Because of the less-than-expected acquisition price, the only creditor likely to capture a return after lawyers and other Chapter 11 administrative fees are paid is the Internal Revenue Service.
That means other creditors, including unsecured ones like co-founder Lydia Harris, will be left out in the cold. Harris isn't content with the verdict.
"This was all a scam from the beginning," a disgruntled Harris tells Billboard. "Everyone wanted me to bring judgment down, and so I brought on the case. But now I'm not getting paid because I'm an unsecured creditor? Yet, administrators are getting paid and Suge [Knight]'s bills are still getting paid? If it wasn't for me no one would be getting money. They made sure it happened this way because I was the biggest creditor. There must be some internal thing going on and I'm obviously not in on it."
According to Harris, Conquest Media, an online marketing and branding company, made an undisclosed bid yesterday, but the judge overruled it because it wasn't filed on time.
As previously reported, Death Row initially filed for Chapter 11 protection in April 2006, and that July, the California judge overseeing the filing ordered a bankruptcy trustee to take over the label. Along the way, three companies put bids in on Death Row, all three valued at about $25 million. But the first two -- stalking horse Warner Music Group and its replacement Koch Entertainment -- both pulled out when due diligence showed that inadequate record-keeping made it difficult to ascertain the label's valuation, let alone whether it was worth the $25 million bid both had made.
An investment group called Global Music agreed to buy Death Row in June 2007, but that deal collapsed amid fighting between investors, who ultimately were unable to raise the necessary financing.
Harris battled Knight for years for a share of Death Row and won a $107 million judgment in 2005, which was one of the factors that tipped the label into Chapter 11.
WIDEawake Entertainment Group Inc., based in Toronto, has had nominal exposure to the U.S. market. Lara Lavi, the company's founder and CEO, is a lawyer, songwriter and entrepreneu, who founded the company in 2006 to work in a variety of media, including film and music. WIDEawake has distribution in Canada through Universal Music.
Lavi says WIDEawake does not have distribution in the U.S. and has not determined which company it will partner with to distribute the Death Row catalog.
"We have some ideas," she says, adding that the label has been in contact with companies in the U.S. about potential distribution. "We're very respectful of Death Row's legacy and when the time is right we'll announce that."
Lavi acknowledged there is significant unreleased material included in the deal, including tracks by Shakur, Dr. Dre and others. "There's probably more that hasn't seen the light of day than has," she says. Lavi says announcements on the unreleased material are forthcoming. In the case of the Shakur material, the company will work closely with his estate.
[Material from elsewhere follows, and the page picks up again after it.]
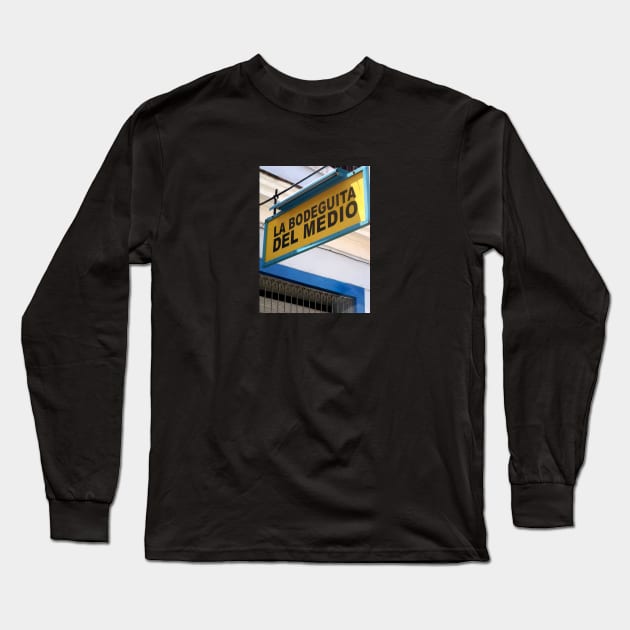 La Bodeguita Del Medio Long Sleeve T-Shirt by opticpixil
Lavi would not disclose who WIDEawake's investors are, other than to say the company has financing to secure the Death Row deal. She says the value of the acquisition makes sense considering "it is a clear deal. There's no debt to worry about." WIDEawake lists its investors as Mississauga, Ont.-based New Solutions Capital.
Lavi says she is unconcerned about any potential involvement of Knight, the label's co-founder. "He's moved on," she says, noting he has started a new label.
For her part, Harris also recently launched an independent label, Lady Boss Entertainment, which she had planned to continue funding with the money she hoped she'd be awarded in the settlement. Now, Harris says she's looking for investors to "make it what Death Row was supposed to be. I need people who believe in me."
"My head is spinning right now. I feel like a victim," says Harris. "They took all this time and tried to attack me, now there's no money for unsecured creditors. Now I wonder if it was all worth it. But I'm definitely not giving up. I never thought I would end up with anything. I'm going to keep pushing."